Pour mon premier soir à The Last Way Out, j’avais appelé Kenny Barron. Il vivait à New York et il est venu pour le concert. C’était la première fois qu’il m’entendait jouer depuis les jam sessions. Il m’a dit que je sonnais bien et m’a conseillé d’aller à New York. Quand l’engagement s’est terminé, je me demandais vraiment ce que j’allais faire. Et ça je ne l’ai jamais oublié. La mère de Coltrane n’habitait pas loin de chez moi. Un soir, je vois Coltrane dans le bus. C’était après avoir joué avec lui et les concerts à The Last Way Out. Il m’a dit : « Tout ira bien. Tu te débrouilleras bien à New York. » et il a ajouté : « Et si tu as l’occasion de jouer avec Elvin, saisis-là ! » Quand je suis arrivé à New York, je suis parti à la recherche d’Elvin.

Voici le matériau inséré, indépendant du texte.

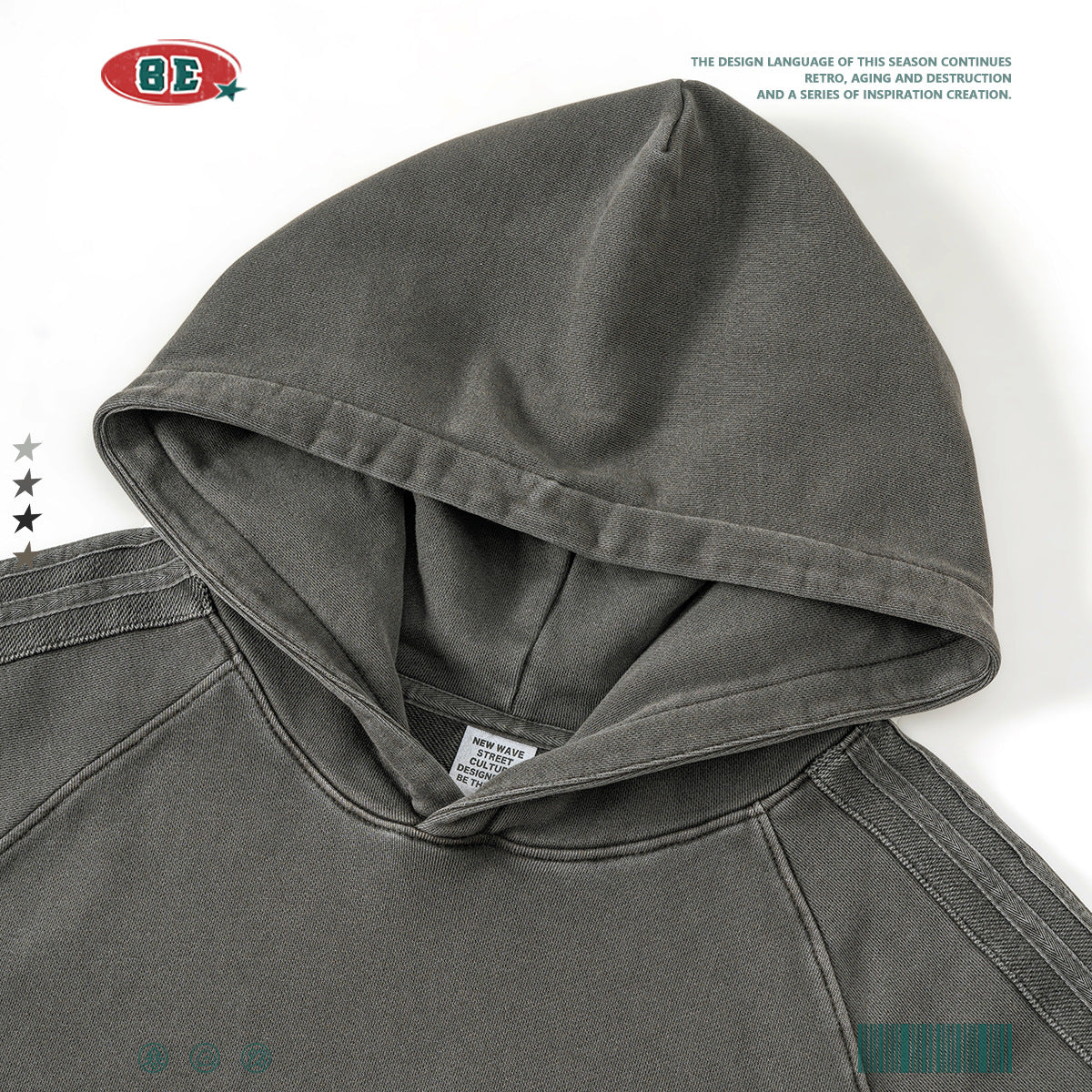 Oversize Damage Raglan-sleeve Hoodie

Freddie Hubbard et Sonny Fortune 1987 © Jacky lepage Quels étaient vos liens avec Coltrane ?

Avant de jouer avec lui, j’avais parlé à Coltrane de nombreuses fois en club. La première fois que je l’ai entendu, je n’avais pas aimé. Je m’intéressais à Sonny Rollins. Mais je me souviens de l’avoir vu dans cette transition entre ne pas l’aimer et être fou de lui. Il est sorti durant la pause, un soir lors d’un concert, et semblait mesurer dix mètres de haut. C’était un géant. C’est ce que j’ai ressenti. Je n’oublierai jamais ça : c’était un vendredi soir, j’étais chez un ami. Quelqu’un a passé My Favorite Things. Le lendemain, je me suis levé de bonne heure, je suis allé dans le centre-ville acheter le disque, et je l’ai passé tant de fois que j’ai usé le diamant et le sillon jusqu’à la corde (rires). A partir de là, j’étais fou de ce type. Et il n’a cessé de devenir plus grand. Au point qu’aujourd’hui il me manque. J’ai rencontré beaucoup de musiciens mais jamais quelqu’un comme Coltrane.

Si vous deviez résumer vos influences, qui citeriez-vous ?

Mes influences sont Cannonball, Sonny Rollins, Eric Dolphy, Sonny Stitt et Coltrane. C’est tout. Ces gars-là jouaient suffisamment pour couvrir tout le monde.

Comment s’est passée votre arrivée à New York ?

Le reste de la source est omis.